Tait: Edmonton native Kelly Hrudey trusts his instincts as Hockey Night in Canada colour commentator
EDMONTON - Kelly Hrudey played 677 regular-season games and 85 playoff games in the NHL. He knows how important it is for every team member to carry their weight.
So when CBC’s Hockey Night in Canada decided to juggle its lineup this season, Hrudey was ready to step into the broadcast booth rather than walk through the studio door.
After being an in-studio analyst in Toronto for HNIC since 2008, Hrudey has filled in as colour commentator for western broadcasts of NHL games on Saturday nights.
It’s a change the 52-year-old Edmonton native is embracing.
“All I can do is sink my teeth into the new role and do the very best I can,” says Hrudey, who will be in town on Saturday for the Edmonton Oilers’ final regular-season game of 2012-13 against the Vancouver Canucks at Rexall Place.
“I guess I liken the change to a forward on a hockey team, whether you’re on the first line, the fourth line or in between. It’s your job to be the best in that role.”
Taking on the new role for HNIC has been a challenge, Hrudey admits. He says he has had to learn to trust himself and his own thoughts.
“I really feel that, until three weeks ago, I may have had some stretches where I was OK — but for the most part I was very frustrated with my performance.”
But Hrudey says through talking with HNIC producer Brian Spear and other close friends he is now feeling more comfortable in his new job.
When Hrudey arrives in town Friday, he will be coming home. His first stop will be at his parents condo and then finding the nearest Tim Hortons.
Hrudey grew up in the community of Elmwood in Edmonton’s west end and started playing goal. He learned the meaning of perseverance early on.
“(In) my second year, I was cut from the first rep team I tried out for,” he says. “Luckily, my brother, Ken, convinced me to give it one more shot for a team that called when they heard I was released.”

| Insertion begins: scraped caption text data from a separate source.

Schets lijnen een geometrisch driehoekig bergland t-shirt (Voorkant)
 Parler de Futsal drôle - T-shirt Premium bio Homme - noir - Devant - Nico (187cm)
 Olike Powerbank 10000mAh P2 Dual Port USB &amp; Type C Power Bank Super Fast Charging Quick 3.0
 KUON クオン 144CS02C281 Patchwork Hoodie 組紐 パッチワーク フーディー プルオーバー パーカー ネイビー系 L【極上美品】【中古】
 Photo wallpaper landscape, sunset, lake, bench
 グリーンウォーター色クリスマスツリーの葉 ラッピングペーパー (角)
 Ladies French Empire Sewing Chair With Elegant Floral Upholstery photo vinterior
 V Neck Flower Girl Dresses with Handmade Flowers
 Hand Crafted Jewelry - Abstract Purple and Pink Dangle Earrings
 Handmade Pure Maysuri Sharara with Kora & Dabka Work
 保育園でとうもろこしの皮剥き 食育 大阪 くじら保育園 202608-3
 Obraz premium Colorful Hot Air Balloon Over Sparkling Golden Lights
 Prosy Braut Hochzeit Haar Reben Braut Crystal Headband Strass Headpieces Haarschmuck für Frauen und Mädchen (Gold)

Hrudey played midget A hockey for Inland Cement of the Canadian Athletic Club. He then made the Medicine Hat Tigers of the Western Hockey League in 1978. That’s when Bob Ridley became a strong influence.
Ridley drove the Tigers team bus and handled play-by-play duties — a role he still has.
Hrudey told the Journal in 2008 that he talked to Ridley for hours on the bus about entering the broadcast industry.
Hrudey was drafted in the second round (38th overall) by the New York Islanders at the 1980 NHL entry draft. After three seasons in the Central Hockey League with the Indianapolis Checkers, he broke into the NHL with the Islanders in 1984.
Hrudey made hockey history on April 18, 1987, when he made a record-setting 73 saves in a four-overtime Game 7 against the Washington Capitals to give the Islanders a 3-2 win at 2 a.m. ET.
He also played for the Los Angeles Kings and San Jose Sharks before retiring from the game after the 1997-98 season. He then joined HNIC full time.
Now that he’s handling colour duties during broadcasts, Hrudey feels closer to the game, especially when he visits Rexall Place.
“The No. 1 thing for me is I love the atmosphere and that alone gives me great energy and focus. Secondly, I grew up in Edmonton, so any time being back home is exciting, no matter how old I get,” says Hrudey.
So does he have any advice for the hometown Oilers.
“Nope,” says Hrudey, who now calls Calgary home, along with his wife and three daughters. “I’m just a broadcaster. I’m paid to tell people exactly what I think and why, not to give advice.”
Well, maybe not to the Oilers, but perhaps Hrudey has a few hints for the Nanaimo Clippers of the BCHL, where he is a part-owner.